Your task
Although pictures appear in the data, the answer should contain only the lines from its start through the line with "White gold Asscher", written out exactly.

(Beginning of Data records)

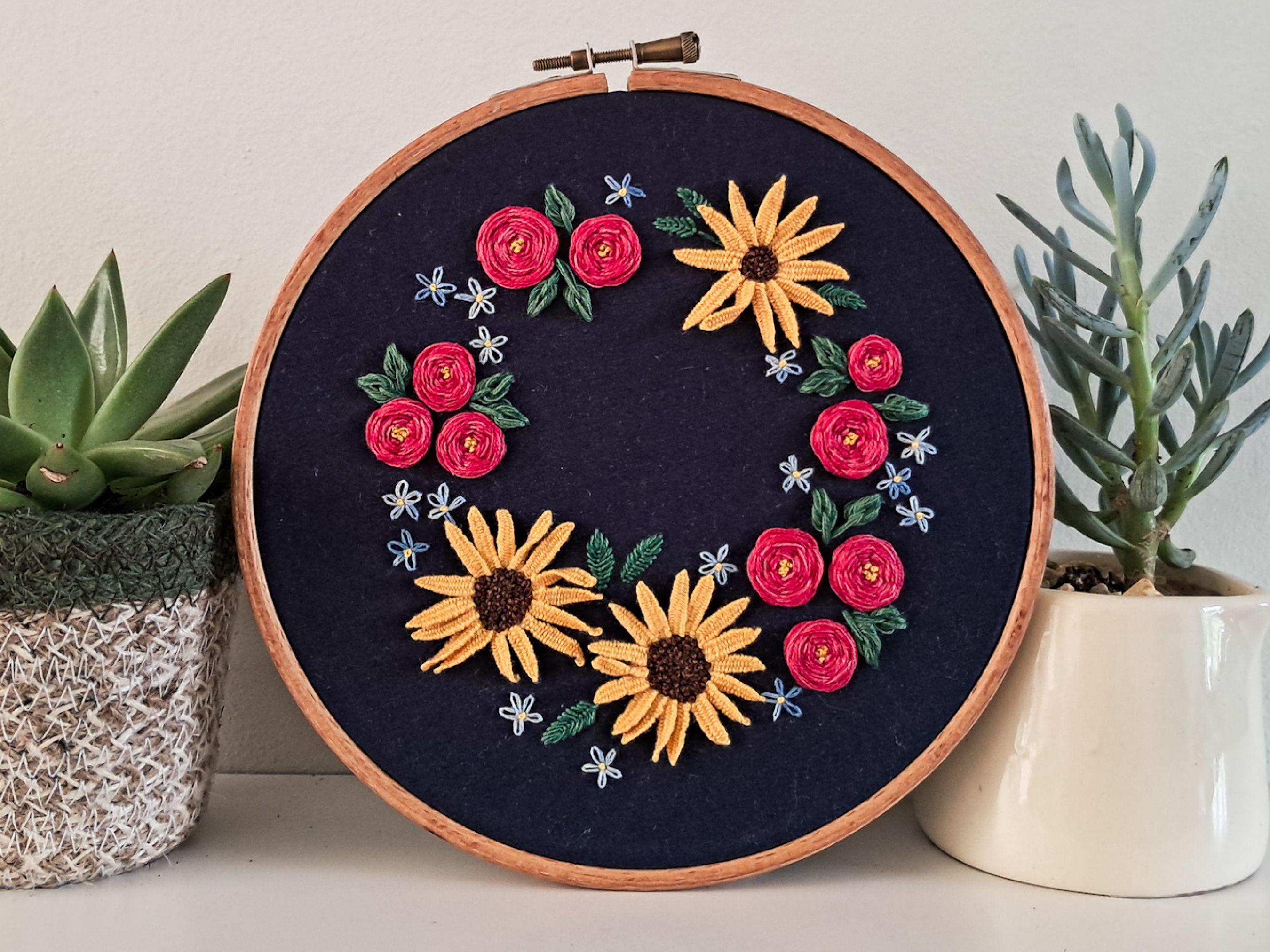 Floral Wreath Embroidery Pattern Bundle, Spring Summer Autumn Winter ...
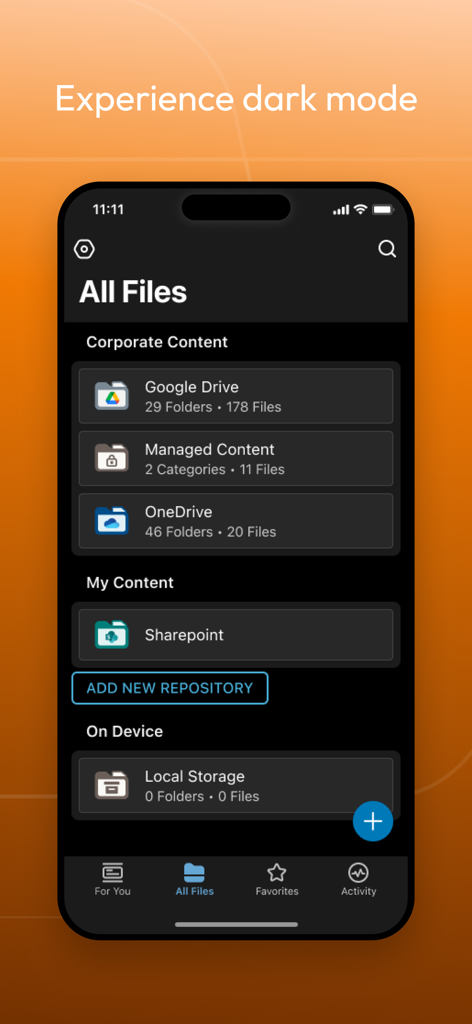Interfaz de la aplicación Workspace ONE Content en modo oscuro que muestra varios repositorios de archivos.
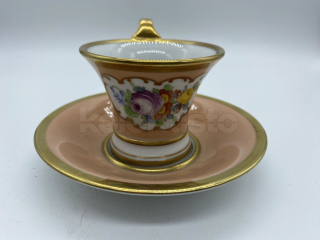 Porcelánový moka šálek s podšálkem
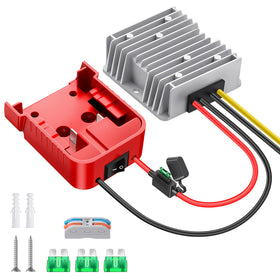 CHoiKWong battery adapter for Milwaukee M18 packs delivering secure 12V output.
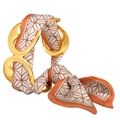 Elegant gold geometric ring with red and white geometric silk scarf accessory - Bangle And Brown Pattern Satin Scarf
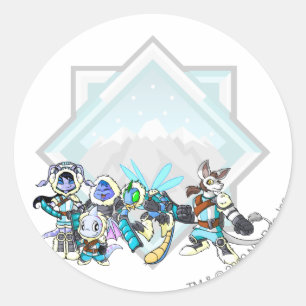 Sticker Rond Groupe de montagne de terreur d'équipe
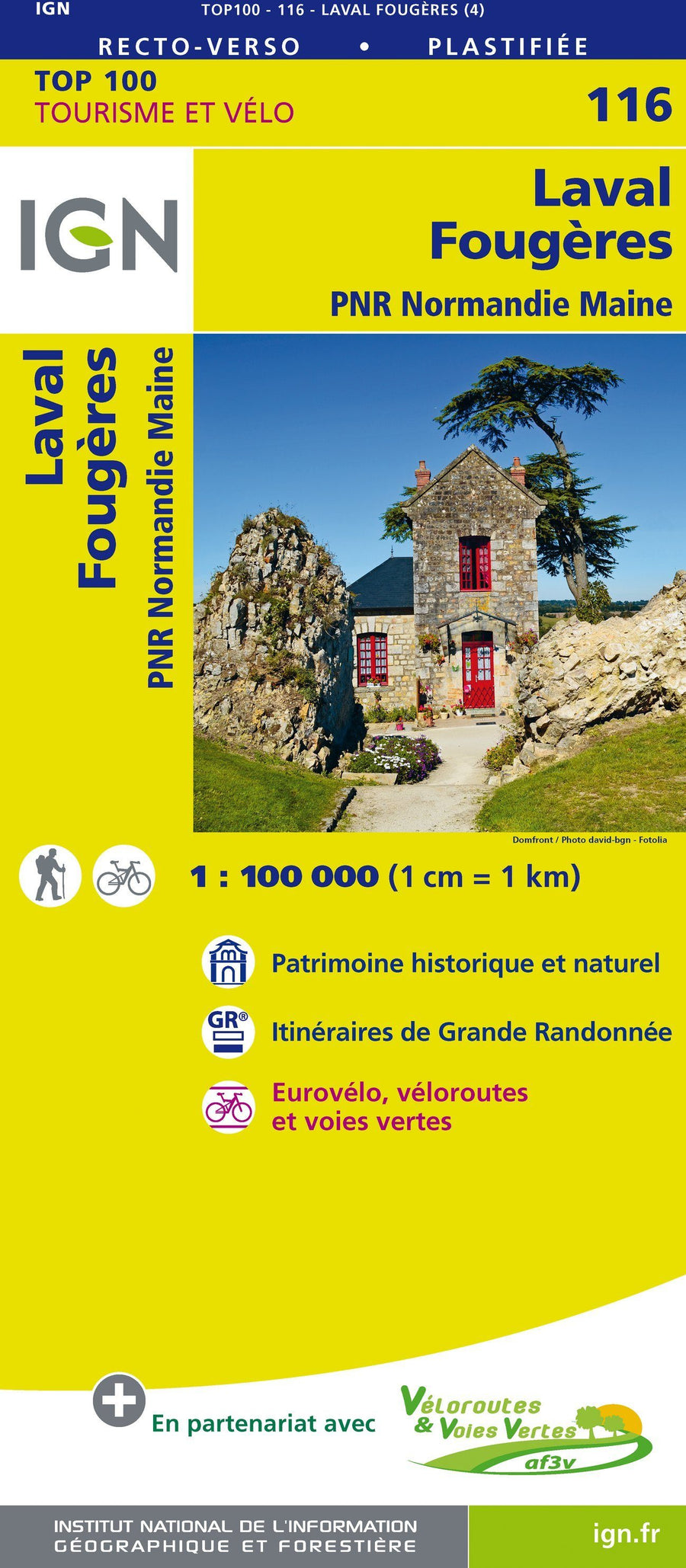 Carte TOP 100 n° 116 - Laval, Fougères & PNR Normandie Maine | IGN carte pliée IGN 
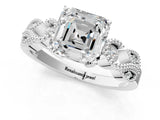 White gold Asscher Cut Solitaire Milgrain Leaf Band with Prong Setting_8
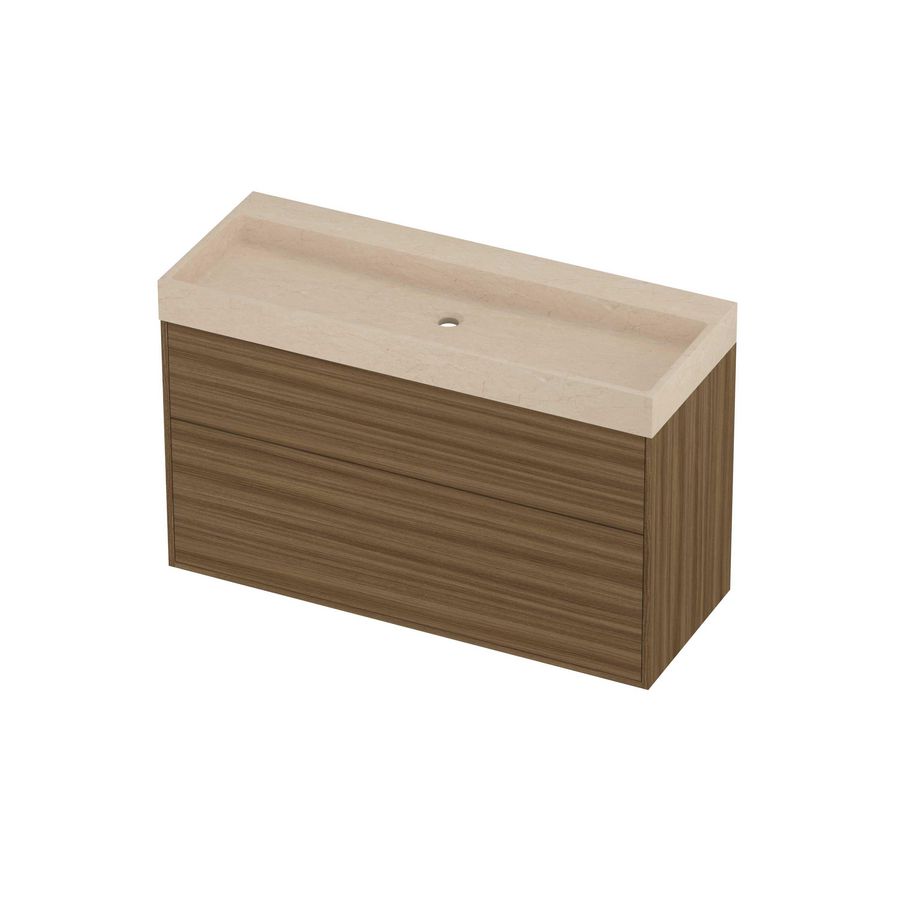 Evoli Set hardsteen Loft wastafel centraal zonder kraangat en onderkast tbv grepen 2 laden a-symmetrisch in kader 1200x460x750mm Sand stone/Caramel walnut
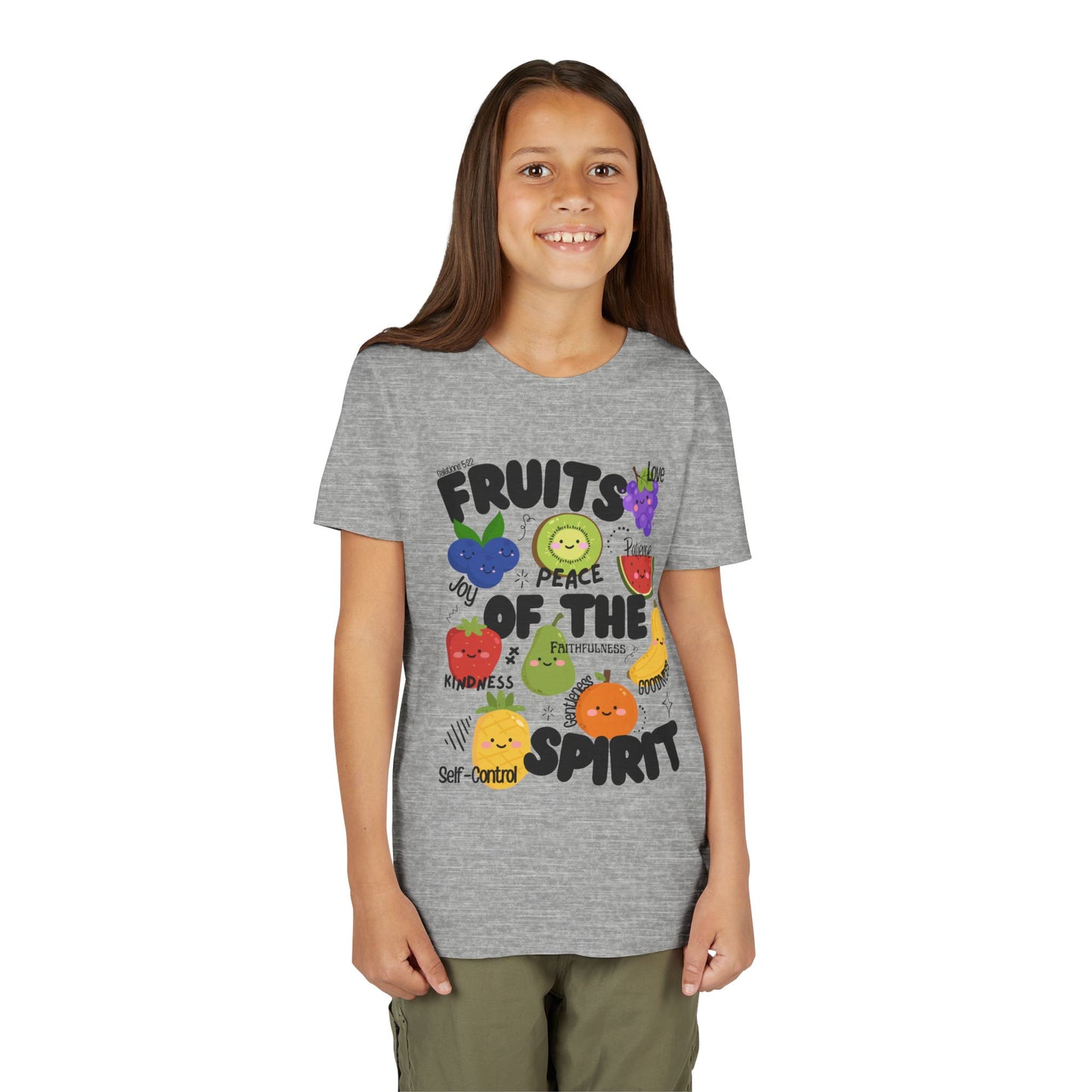 'Fruits of the Spirit' Kids Christian T-Shirt, Youth Bible Verse T-Shirt (Peace, Joy, Kindness)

(End of Data records)

Result
 Floral Wreath Embroidery Pattern Bundle, Spring Summer Autumn Winter ...
Interfaz de la aplicación Workspace ONE Content en modo oscuro que muestra varios repositorios de archivos.
 Porcelánový moka šálek s podšálkem
 CHoiKWong battery adapter for Milwaukee M18 packs delivering secure 12V output.
 Elegant gold geometric ring with red and white geometric silk scarf accessory - Bangle And Brown Pattern Satin Scarf
 Sticker Rond Groupe de montagne de terreur d'équipe
 Carte TOP 100 n° 116 - Laval, Fougères & PNR Normandie Maine | IGN carte pliée IGN 
 White gold Asscher Cut Solitaire Milgrain Leaf Band with Prong Setting_8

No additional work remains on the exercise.